TASK DIRECTIONS: Leaving out the pictures, return word for word the stretch of entries below from the line holding "乌鲁木齐外围-乌市166cm维族妹子，价格3000起，B罩杯" through the line holding "Namizni računalnik - Custom".

(Collected data)
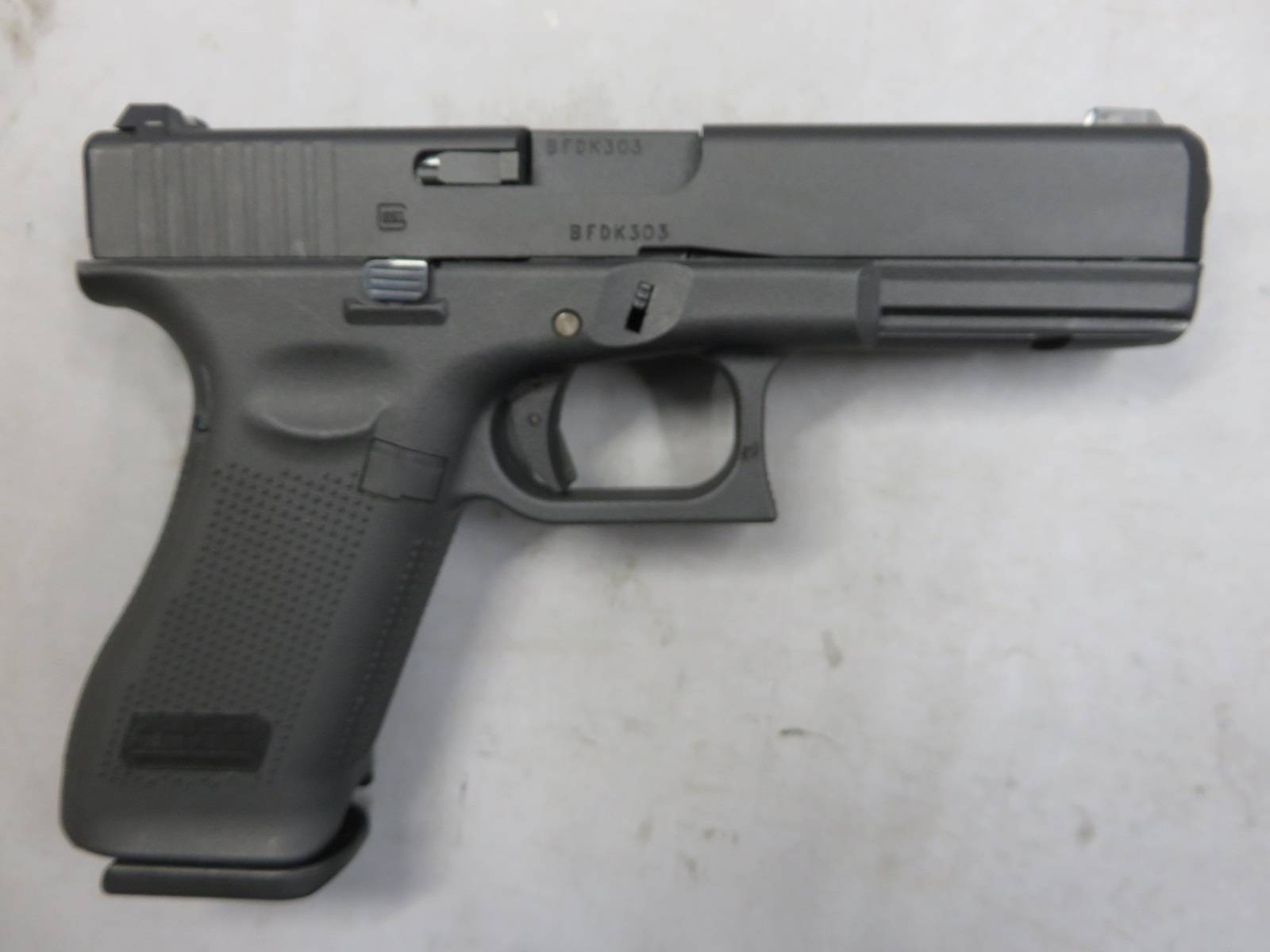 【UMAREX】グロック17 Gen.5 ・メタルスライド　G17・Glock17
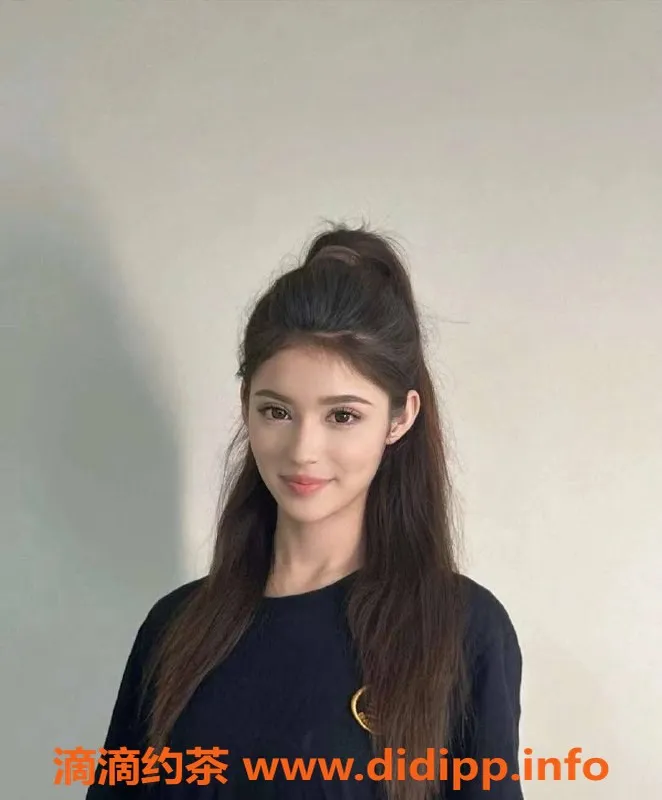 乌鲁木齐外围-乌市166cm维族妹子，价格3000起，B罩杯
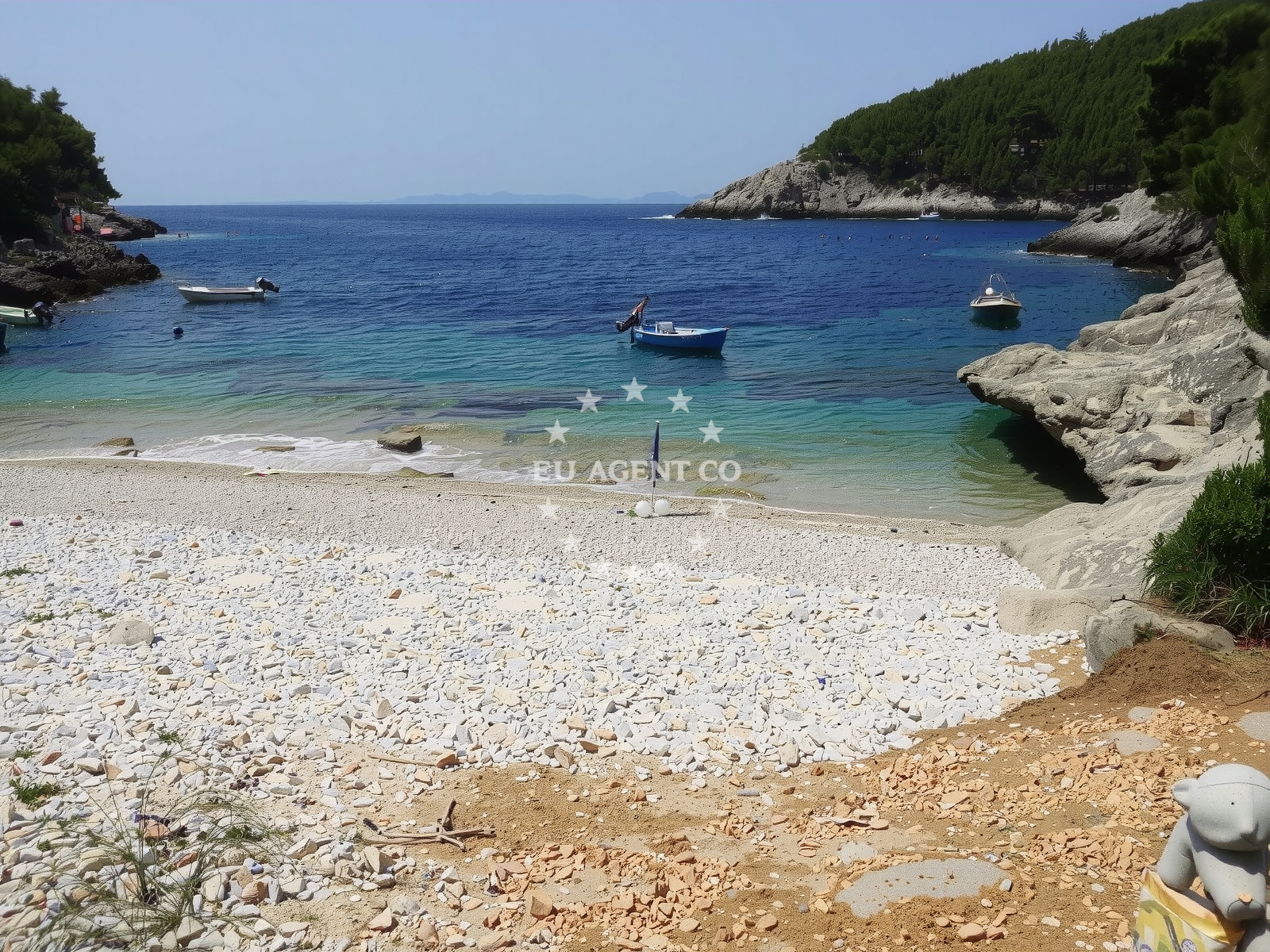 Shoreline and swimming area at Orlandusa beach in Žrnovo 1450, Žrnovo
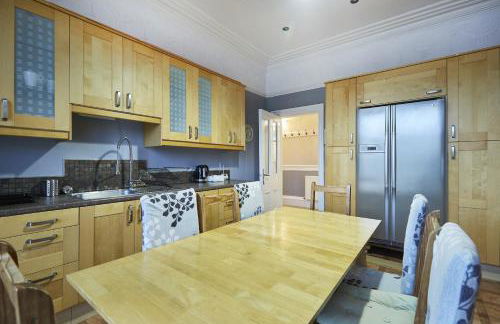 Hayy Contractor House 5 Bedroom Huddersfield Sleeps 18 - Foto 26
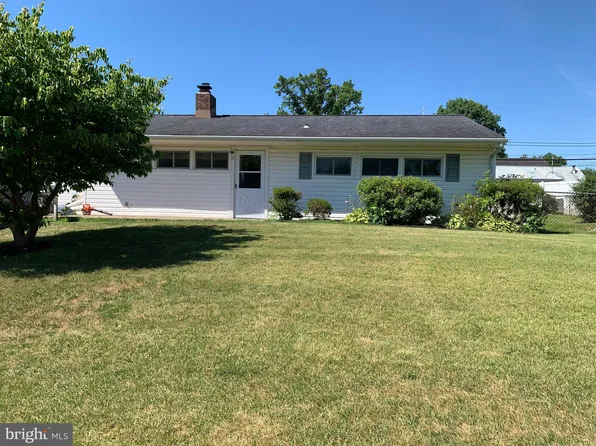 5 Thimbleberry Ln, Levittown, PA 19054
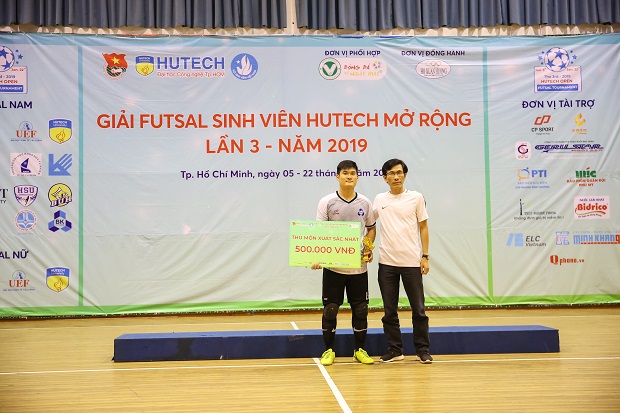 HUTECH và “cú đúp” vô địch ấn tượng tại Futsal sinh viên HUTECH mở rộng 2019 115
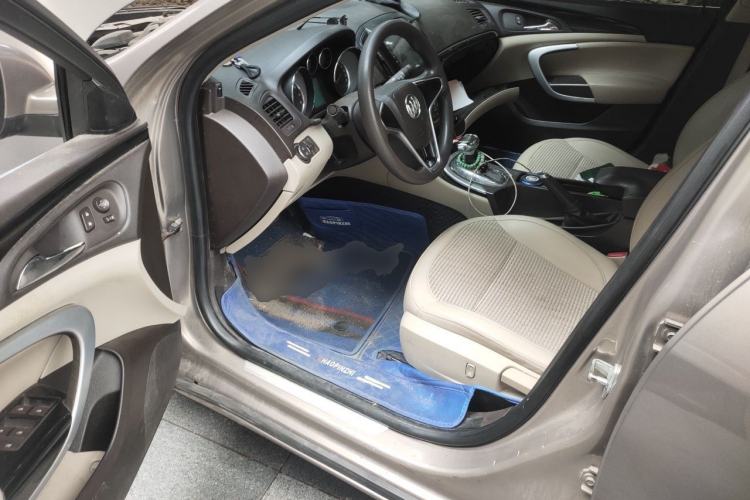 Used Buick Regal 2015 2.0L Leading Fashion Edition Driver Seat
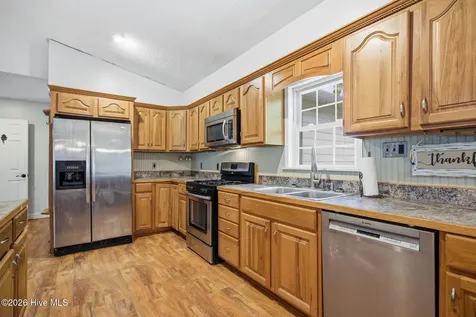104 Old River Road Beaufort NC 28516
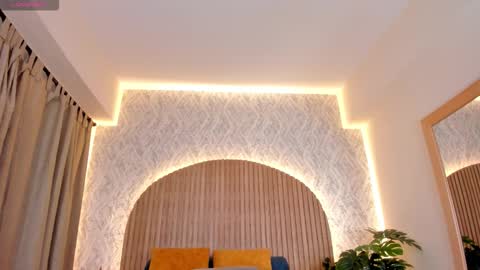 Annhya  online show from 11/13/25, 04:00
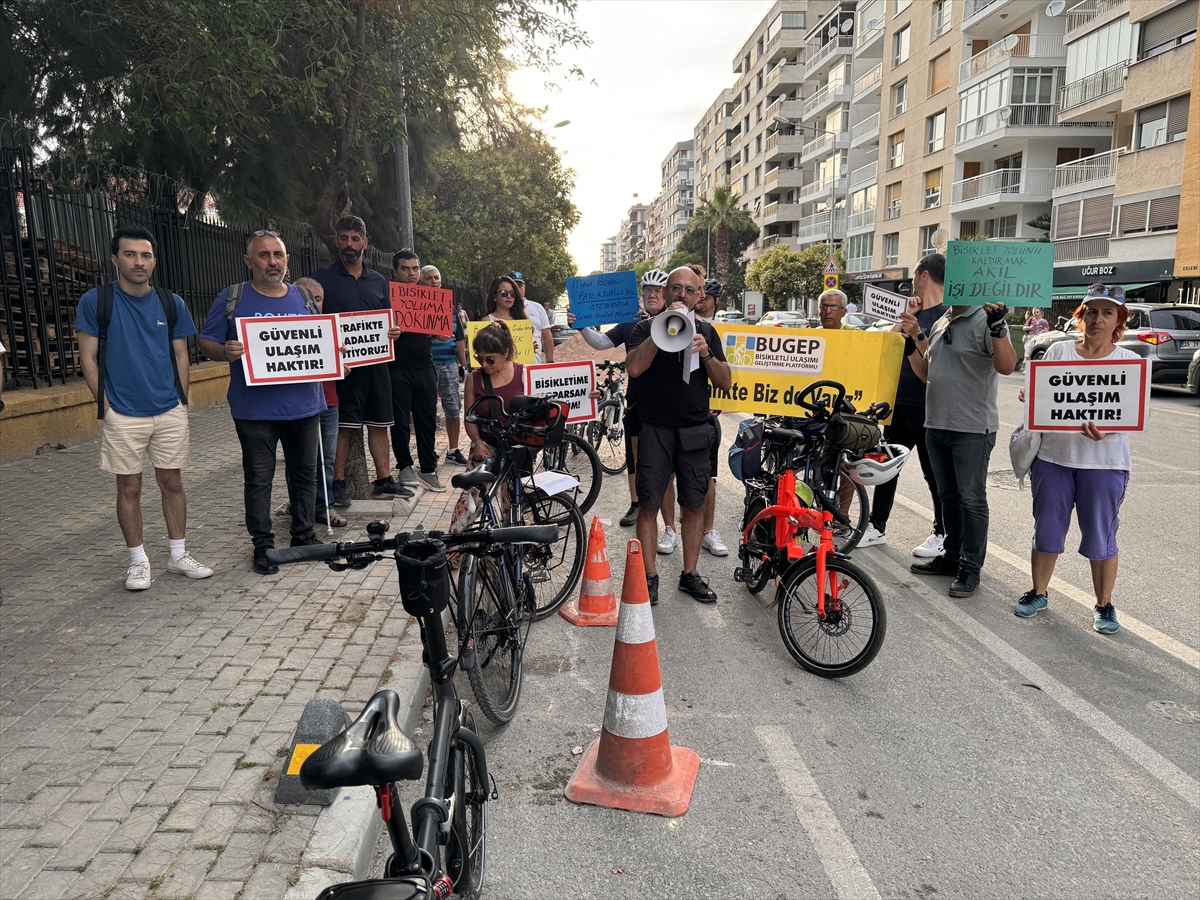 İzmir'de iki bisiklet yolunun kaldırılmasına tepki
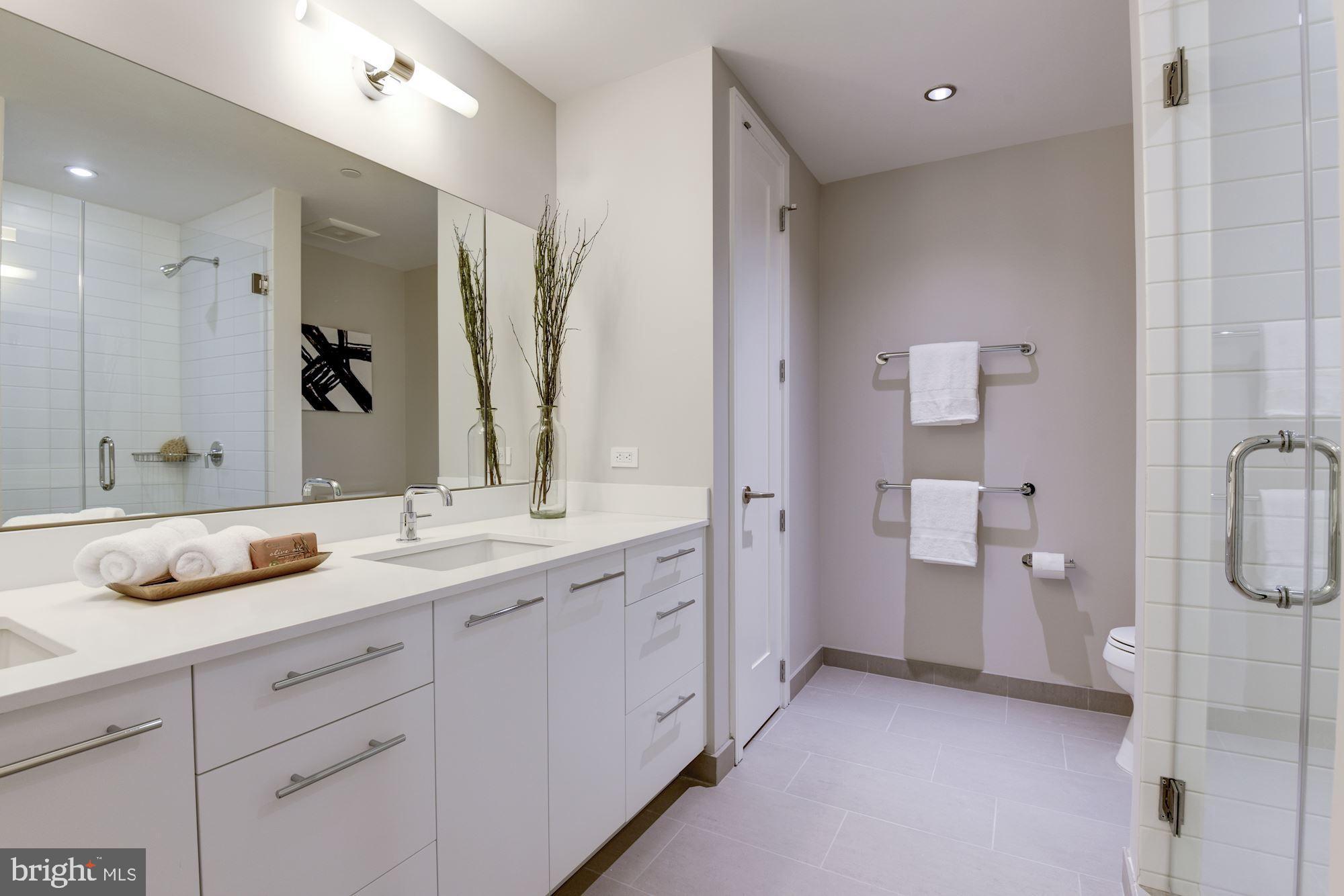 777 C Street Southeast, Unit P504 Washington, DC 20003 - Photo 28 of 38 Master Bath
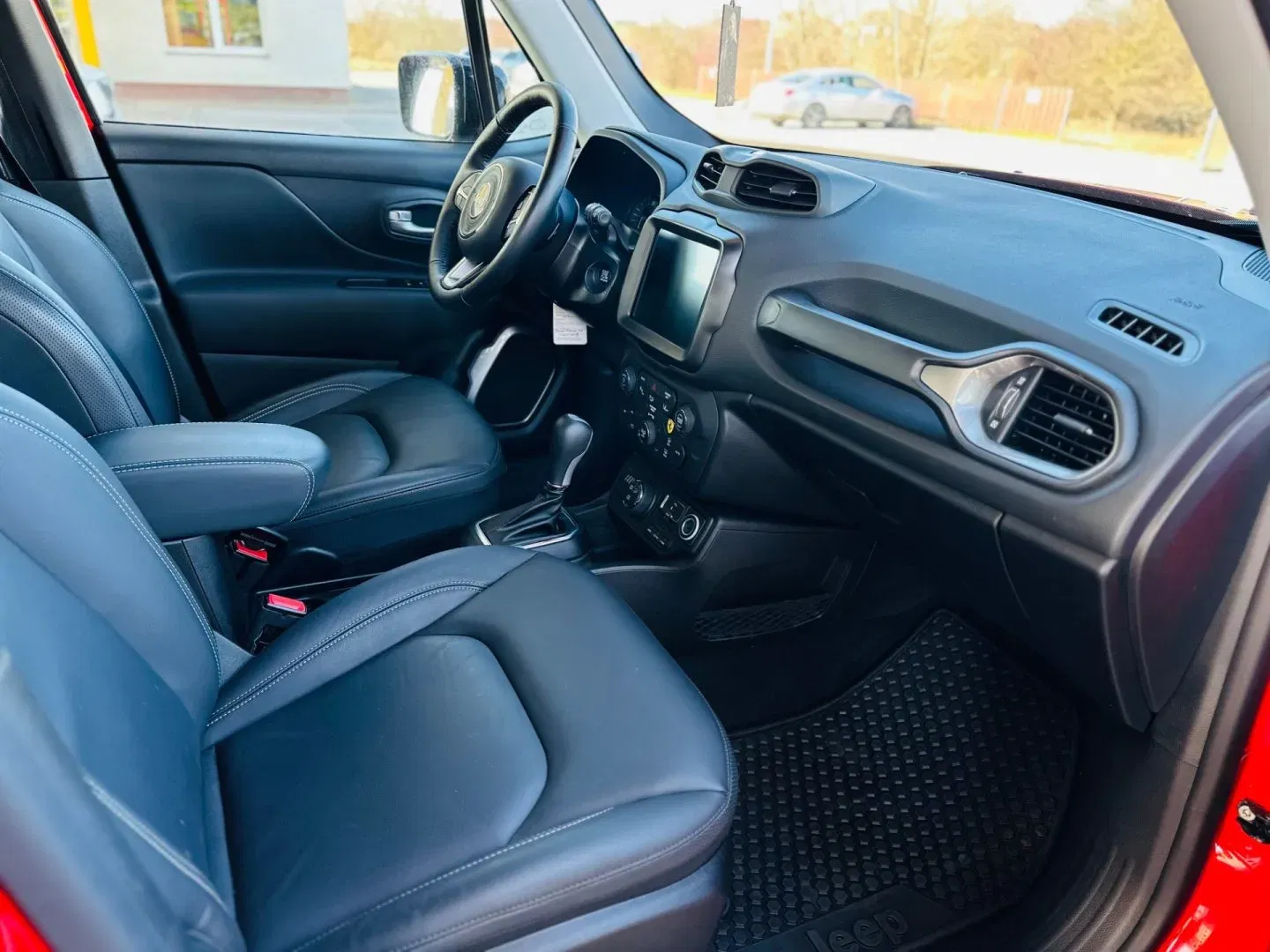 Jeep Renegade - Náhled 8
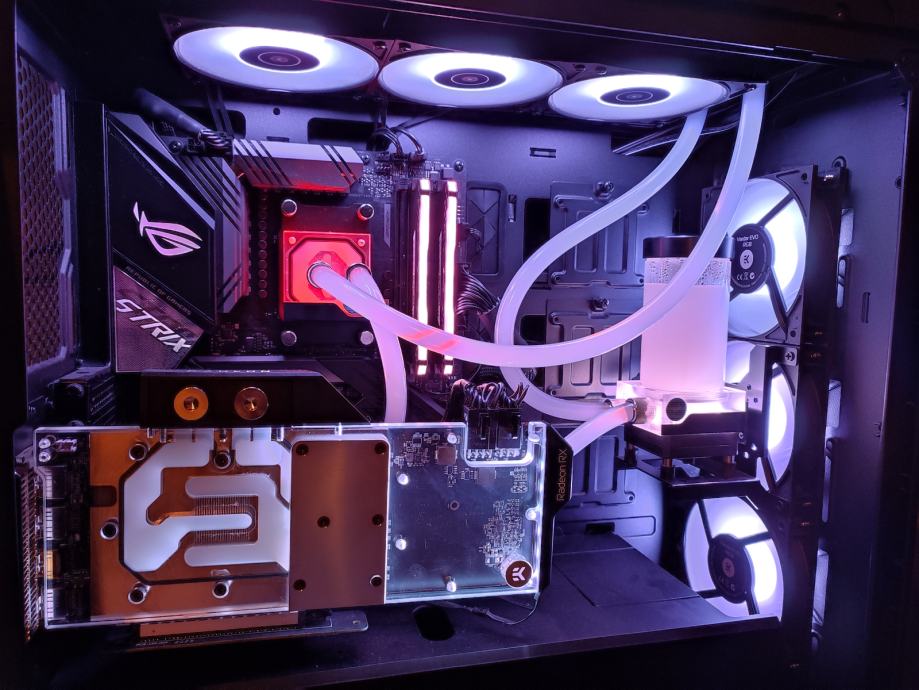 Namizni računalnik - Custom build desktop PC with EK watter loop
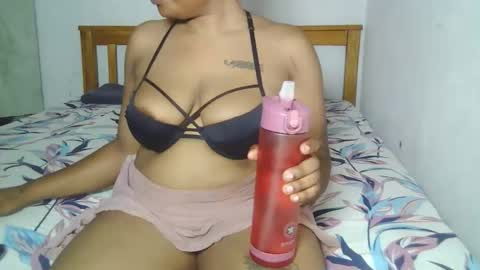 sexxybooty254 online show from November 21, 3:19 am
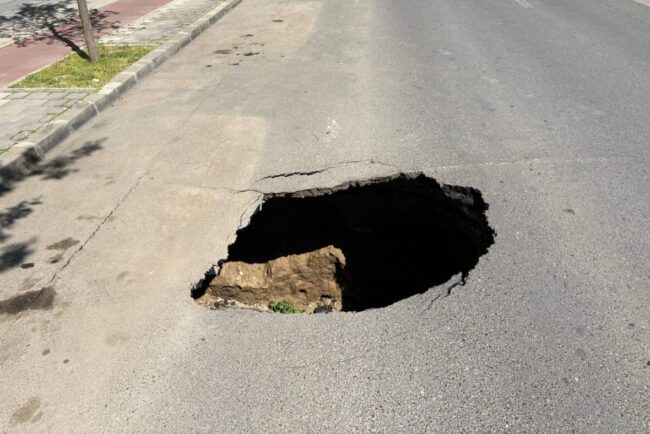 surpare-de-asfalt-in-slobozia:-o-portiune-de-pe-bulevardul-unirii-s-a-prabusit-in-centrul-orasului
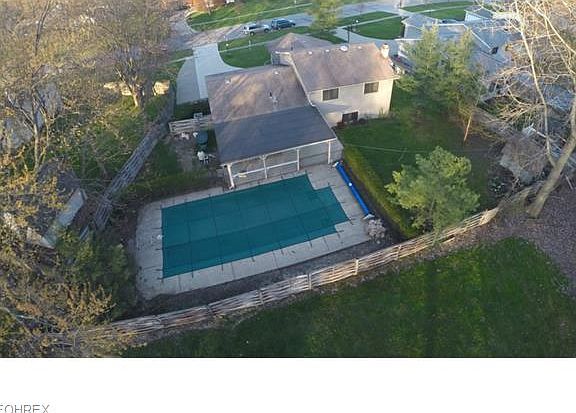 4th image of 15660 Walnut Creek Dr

ANSWER TO THIS EXERCISE:
 乌鲁木齐外围-乌市166cm维族妹子，价格3000起，B罩杯
 Shoreline and swimming area at Orlandusa beach in Žrnovo 1450, Žrnovo
 Hayy Contractor House 5 Bedroom Huddersfield Sleeps 18 - Foto 26
 5 Thimbleberry Ln, Levittown, PA 19054
 HUTECH và “cú đúp” vô địch ấn tượng tại Futsal sinh viên HUTECH mở rộng 2019 115
 Used Buick Regal 2015 2.0L Leading Fashion Edition Driver Seat
104 Old River Road Beaufort NC 28516
 Annhya  online show from 11/13/25, 04:00
 İzmir'de iki bisiklet yolunun kaldırılmasına tepki
 777 C Street Southeast, Unit P504 Washington, DC 20003 - Photo 28 of 38 Master Bath
 Jeep Renegade - Náhled 8
 Namizni računalnik - Custom build desktop PC with EK watter loop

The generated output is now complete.